With the USDC amount increased in the pool, the attacker then proceeded with depositing almost $50 million worth of USDC in Harvest’s USDC vault at a rate of about 0.97 per share, which was lowered from 0.98 per share by the previous transaction. He then exchanged about $17 million worth of USDC back into USDT, raising the rate back to 0.98 per share, and then withdrew his stake from the pool, netting himself more than $600,000 in profits.

All of this was carried out within the context of a single transaction, with the attacker executing 17 transactions aimed at USDC within 4 minutes. He then repeated the same process for the USDT vault, executing 13 transactions targeting the stablecoin within 3 minutes. Around 03:01 AM UTC, the attacker transferred $13 million worth of USDC and $11 million worth of USDT to his own wallet, and then for some unknown reason, sent Harvest Finance $2.5 million worth of USDC and USDT.

Shortly after the attack, the DeFi protocol tweeted that the person behind the exploit “is well-known in the crypto community”, and that they left a “significant amount of personally identifiable information”. The project noted that it did not wish to doxx the attacker, but still offered a $100,000 bounty to whoever was able to convince the attacker to send back the remaining funds. The team behind the project further said in a statement:

“For the attacker: you’ve proven your point, if you can return the funds to the users, it would be greatly appreciated by the community, including many bystanders.”

Now, due to the incident, the DeFi protocol is forced to delay the release of its smart contract improvements, which were scheduled for 27 October. The firm had to also withdraw all its funds from the shared pools, and relocated them to their vaults, where they will remain safe and sound until measures are taken against this kind of an attack. Harvest has also gotten in contact with the developers behind MerkleDistributor, and are now working on a tool to distribute the $2.5 million returned by the attacker to affected users.
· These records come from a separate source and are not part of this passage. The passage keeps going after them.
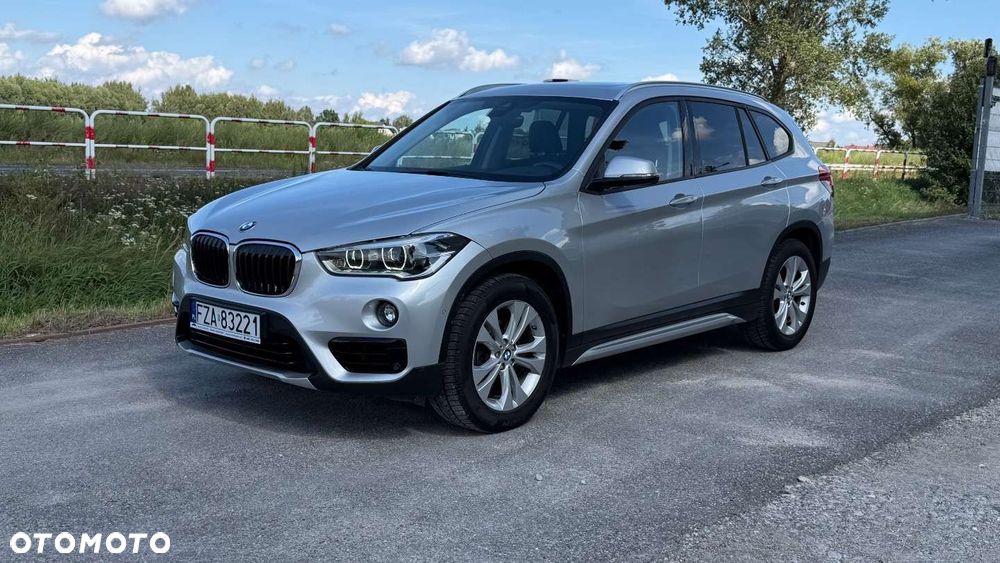 BMW X1 - 3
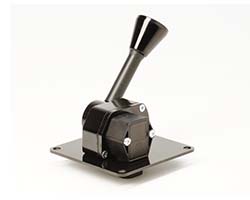 Electronic Top Mounted Hand Throttle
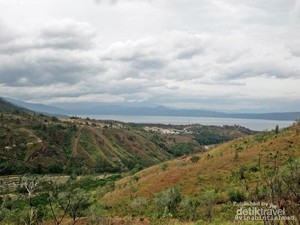 Aia Angek, yang Cantik dan Tersembunyi di Sumatera Barat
The project is also pondering over possible mitigation strategies, that can be used to prevent this from happening in the future. Possible options include implementing a commit-and-reveal mechanism for deposits, which will remove the ability to perform deposits and withdrawals within a single transaction. Such a move, however, could potentially increase the gas cost for depositors. Another option is to tighten the threshold for deposit arbitrage check, which is currently at 3%, though this could be limiting deposits in the case of a “natural impermanent loss effects”.